Droid is a 1988 direct to video science fiction film. Its origins are intentionally obscured on its packaging, crediting direction of the film to "British director Peter Williams" and the starring roles of Taylor to "Kevin Jean" and his ex-wife Nicola to "Raquel Rios" on the front cover and Rebecca Lynn on the back cover. The end credits reveal that these roles are played by Greg Derek and Krista Lane. The film is, in fact, an edited version of a hardcore pornographic film called Cabaret Sin (originally released July 1, 1987) marketed to a science fiction audience, and its director is actually Philip O'Toole, from a screenplay with Nacada O'Toole and Christopher Saint Booth. The film was released on VHS by Even Steven Productions and bore a stamped decal warning of sexual situations, nudity, violence, and adult language, although the film has no MPAA rating.

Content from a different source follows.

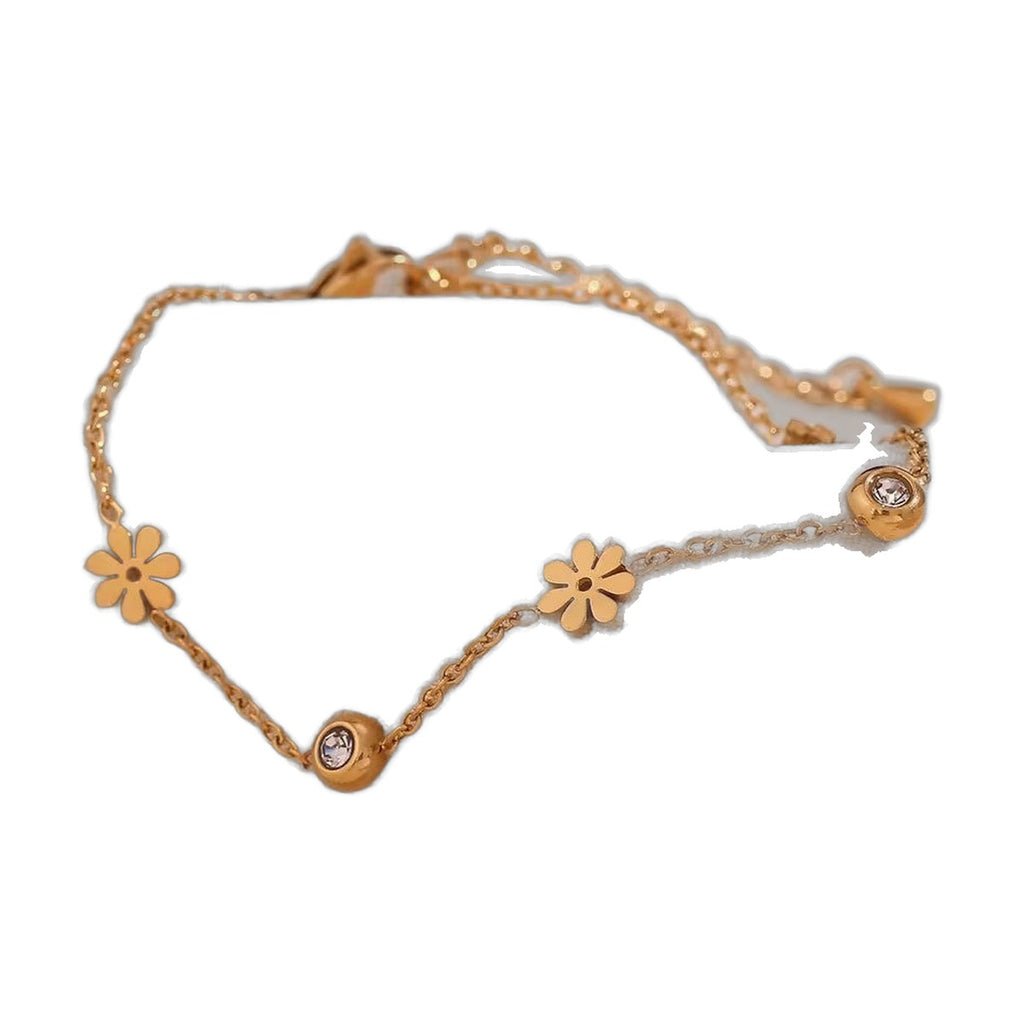 Stainless Steel 18k Golden Fleur Charm Bracelet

The storyline is an imitation of Blade Runner, while one character is blatantly modeled on Anthony Daniels as C-3PO. The executive producer is Kirdy Stevens.

==Plot==
In Los Angeles in 2020, the crime rate is up 200%. The police are known as Eliminators, and they fight against the Droid Warriors of Azteca (Lorrie Lovett), who dresses in Nazi regalia. The Droid were created as servants, and Taylor has one, Rochester (played by Kevin James, in a very close approximation of Daniel's speech patterns). Taylor, who was once the best Eliminator but more than anything wants to get back with his ex-wife, Nicola, is blackmailed into attempting to steal a digital decoder to shut down Azteca's forces. Much of Taylor's time, however, is spent at a club watching various sexual couplings featuring adult film stars such as Herschel Savage, Bunny Bleu (as Tammy Dorsey, who masturbates with a trombone), Candie Evans, Tom Byron, Keisha, and Kristara Barrington. Third-billed is an assassin called the Blade (Steven Densmore) who is hired by a man he interrupts masturbating.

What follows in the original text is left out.